_Problem to work on_: Repeat the lines below exactly as they appear, but leave out the images.

*** Opening Material to process ***

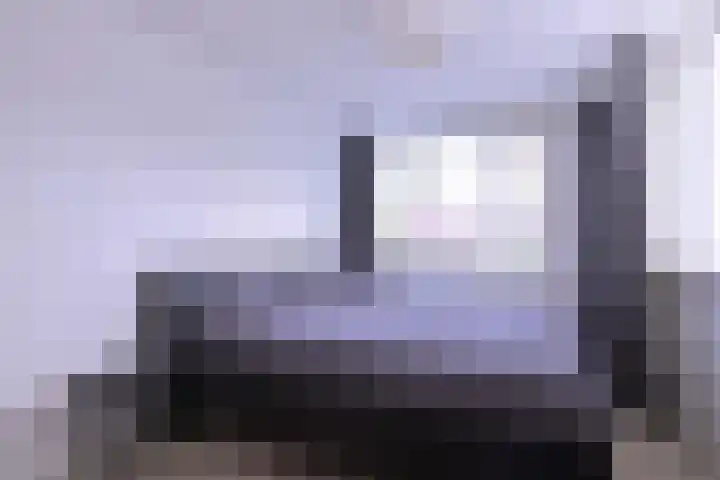 Kwikstaart 2 Deventer thumbnail 19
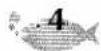 BROTHER P-Touch ST-5 - SECRET CODE KEY - 4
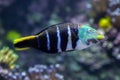 Barred thicklip wrasse Hemigymnus fasciatus.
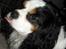 Cavalier king charles spaniel Lucas - Frække hund ;-)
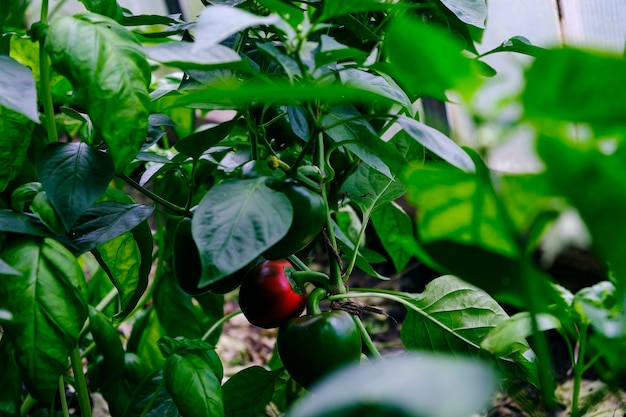 Maduración de frutos de pimienta entre follaje verde en un invernadero en un día de verano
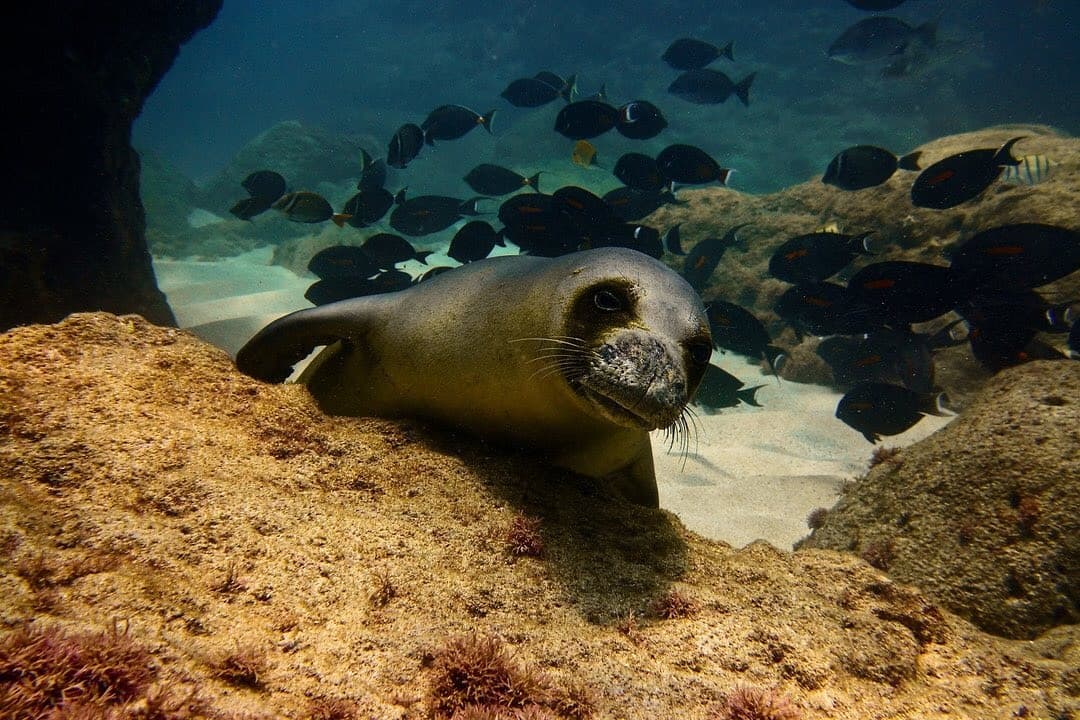 Shallow Reef Dives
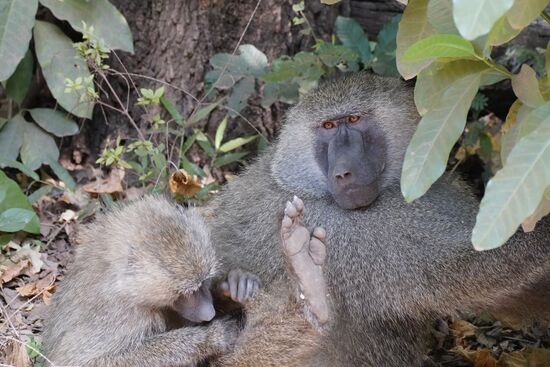 Paviane gibt es hier massenweise—die verhindern leider, dass es hier viele Leoparden gibt, erklärt uns Timothy.
Die Paviane treten immer im Rudel auf und sind sehr angriffslustig. Leoparden sind eher Einzelgänger und haben Respekt vor diesen „Monstern“
Die Paviane töten auch schon mal den Nachwuchs der Raubkatzen, wenn die Mutter auf Futtersuche ist und die Babies allein sind.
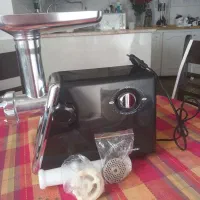 چرخ گوشت گاسونیک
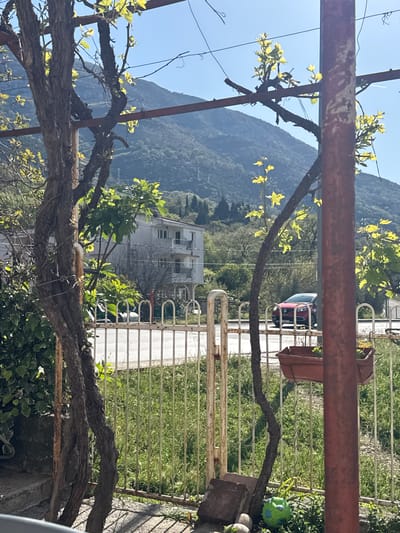 The image depicts a view from what appears to be a balcony or porch in Zgrade, Montenegro. A weathered, rusty metal frame supports climbing plant branches with young leaves. In the background, a building with a light-colored facade and multiple windows is visible. A red car is parked on a road leading away from the building, partially obscured by a white metal fence. A mountain covered in green vegetation is in the distance under a clear blue sky. The foreground also contains a green soccer ball.
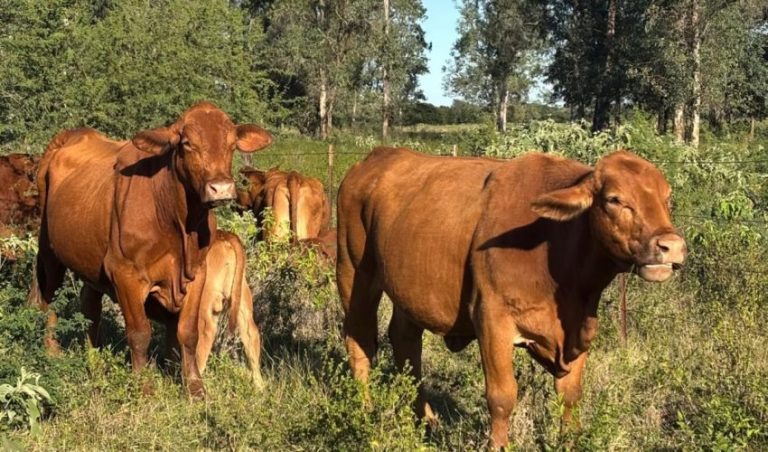 Gobierno de Tamaulipas refuerza blindaje sanitario
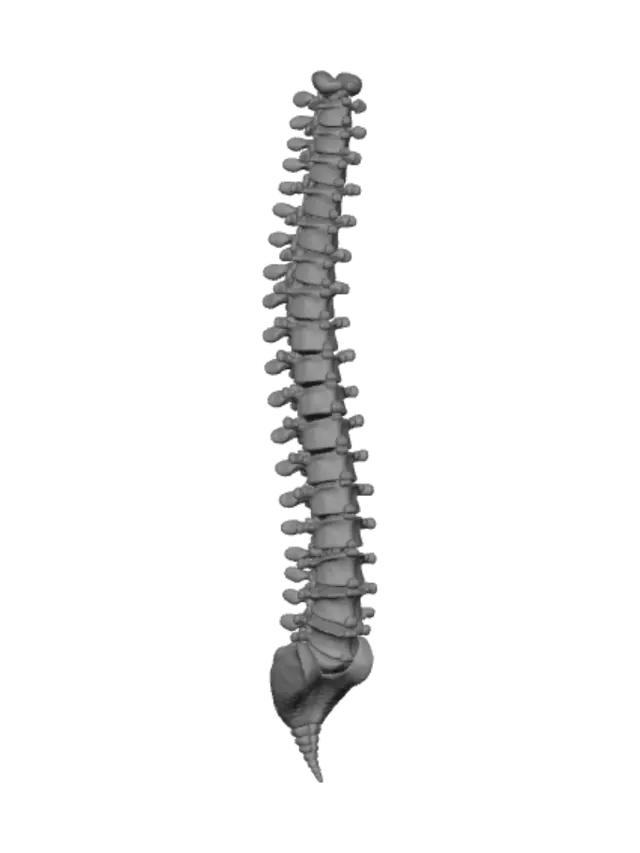 3D model for Rainbow Spine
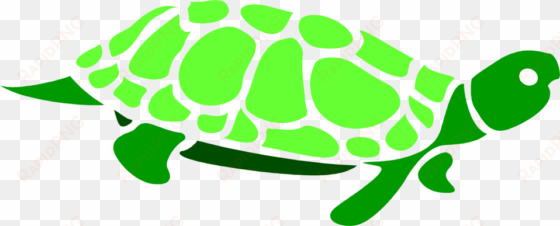 Turtle Clipart Transparent Background - Turtle With Transparent Background transparent png image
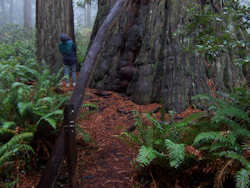 Redwood National and State Parks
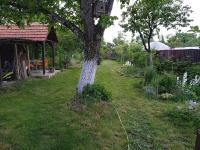 Садиба-студіо Під вишнею - Ferienwohnung Astei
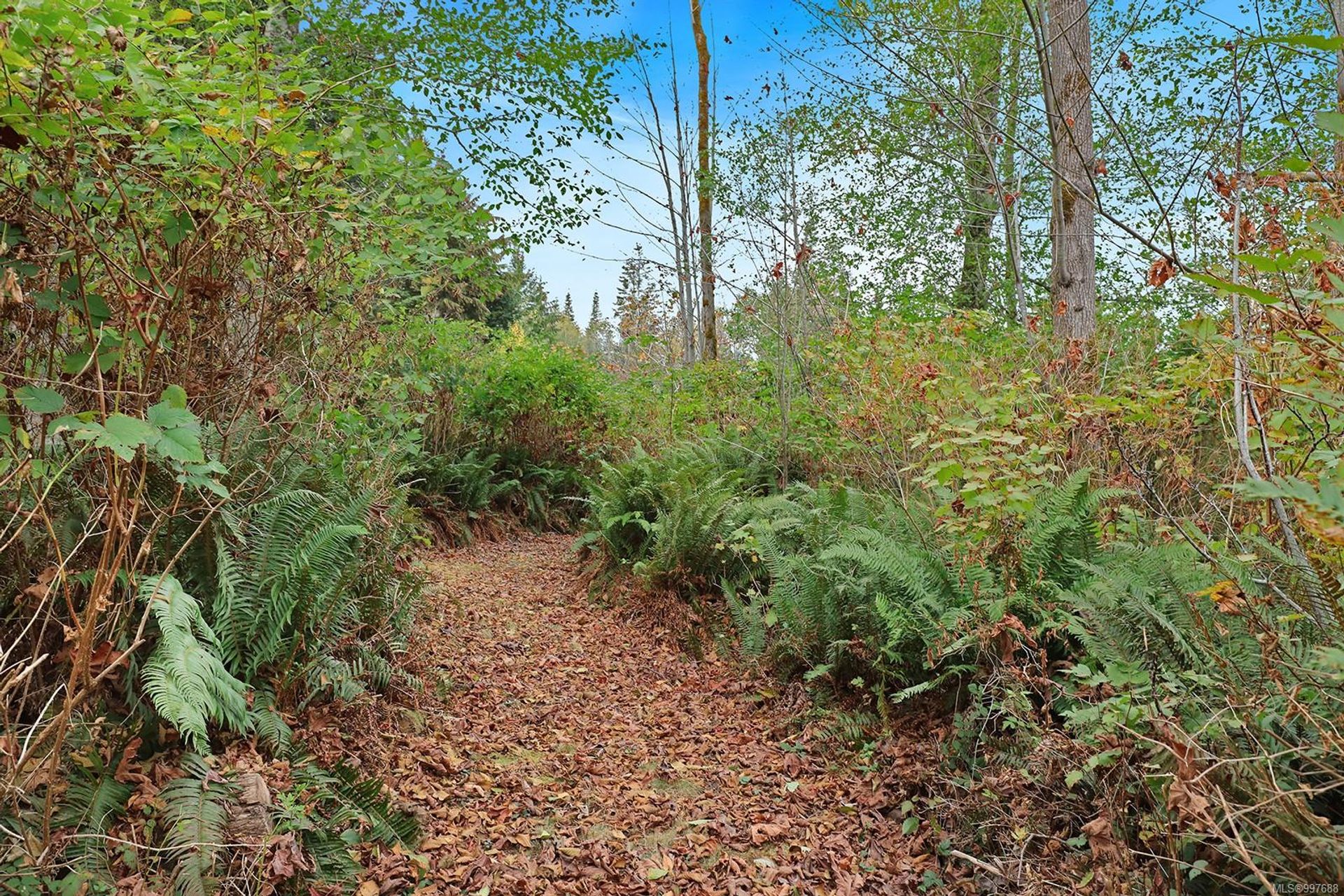  at 6510 Eagles Drive, Courtenay North, Comox Valley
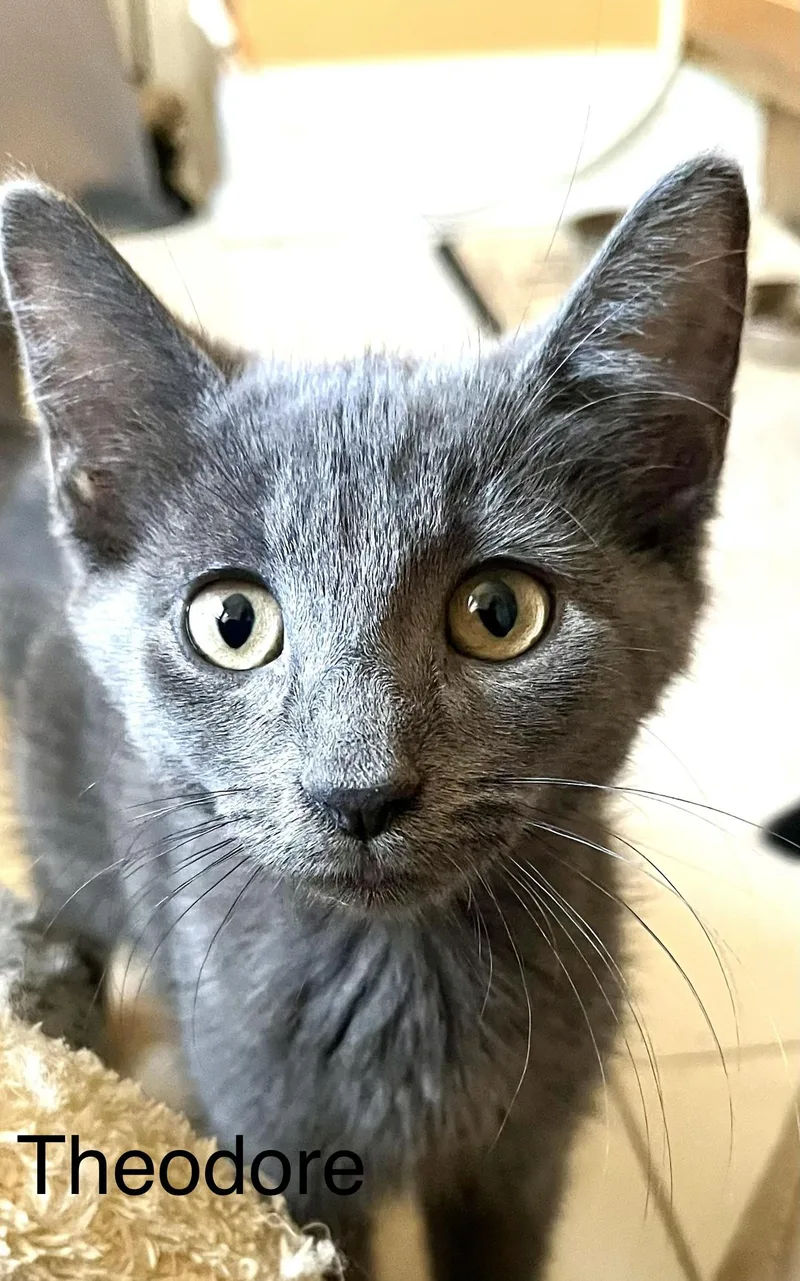 A baby small-sized male Gray / Blue / Silver Domestic Short Hair cat named Theodore for adoption in Annapolis, MD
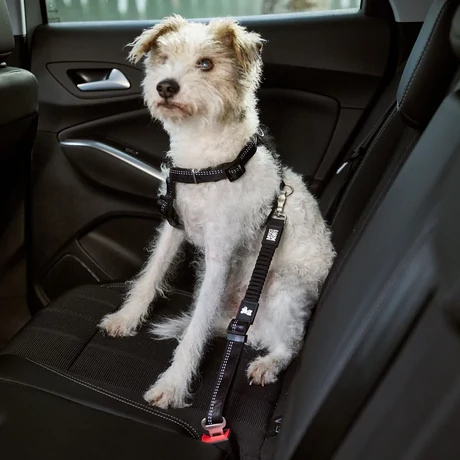 Max&Molly Matrix 2.0 Car Seat Belt biztonsági öv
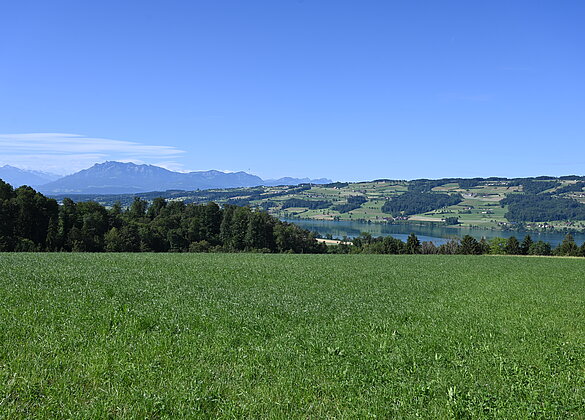 Sommertag mit Baldeggersee und Pilatus.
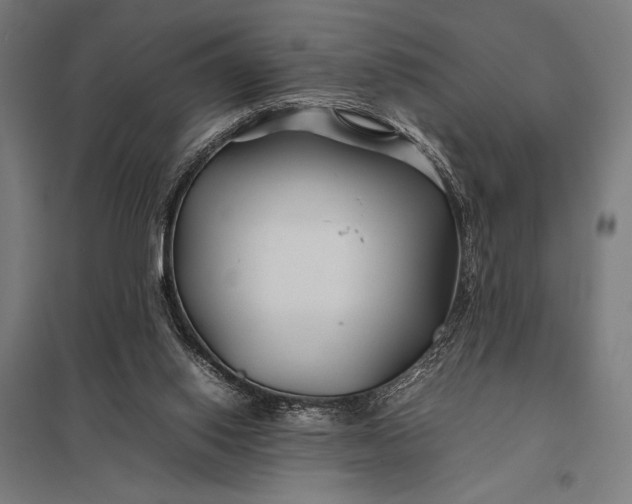 X0000097900062200803281349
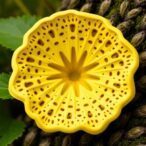 essential-oils:-a-shield-against-fungi-in-heritage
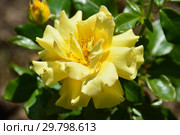 Роза флорибунда Харпер Адамс (лат. Harper Adams). Fryer's Roses (Фрайер), Великобритания  2011. Стоковое фото, фотограф lana1501 / Фотобанк Лори
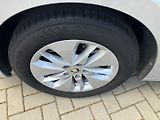 Škoda Octavia (2023) 2.0TDI 110kW DSG 4X4 EL.TZ - náhled 30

*** Closing Material to process ***

_Output_:
 Kwikstaart 2 Deventer thumbnail 19
 BROTHER P-Touch ST-5 - SECRET CODE KEY - 4
 Barred thicklip wrasse Hemigymnus fasciatus.
 Cavalier king charles spaniel Lucas - Frække hund ;-)
 Maduración de frutos de pimienta entre follaje verde en un invernadero en un día de verano
 Shallow Reef Dives
 Paviane gibt es hier massenweise—die verhindern leider, dass es hier viele Leoparden gibt, erklärt uns Timothy.
Die Paviane treten immer im Rudel auf und sind sehr angriffslustig. Leoparden sind eher Einzelgänger und haben Respekt vor diesen „Monstern“
Die Paviane töten auch schon mal den Nachwuchs der Raubkatzen, wenn die Mutter auf Futtersuche ist und die Babies allein sind.
 چرخ گوشت گاسونیک
 The image depicts a view from what appears to be a balcony or porch in Zgrade, Montenegro. A weathered, rusty metal frame supports climbing plant branches with young leaves. In the background, a building with a light-colored facade and multiple windows is visible. A red car is parked on a road leading away from the building, partially obscured by a white metal fence. A mountain covered in green vegetation is in the distance under a clear blue sky. The foreground also contains a green soccer ball.
 Gobierno de Tamaulipas refuerza blindaje sanitario
 3D model for Rainbow Spine
 Turtle Clipart Transparent Background - Turtle With Transparent Background transparent png image
 Redwood National and State Parks
 Садиба-студіо Під вишнею - Ferienwohnung Astei
  at 6510 Eagles Drive, Courtenay North, Comox Valley
 A baby small-sized male Gray / Blue / Silver Domestic Short Hair cat named Theodore for adoption in Annapolis, MD
 Max&Molly Matrix 2.0 Car Seat Belt biztonsági öv
 Sommertag mit Baldeggersee und Pilatus.
 X0000097900062200803281349
 essential-oils:-a-shield-against-fungi-in-heritage
 Роза флорибунда Харпер Адамс (лат. Harper Adams). Fryer's Roses (Фрайер), Великобритания  2011. Стоковое фото, фотограф lana1501 / Фотобанк Лори
 Škoda Octavia (2023) 2.0TDI 110kW DSG 4X4 EL.TZ - náhled 30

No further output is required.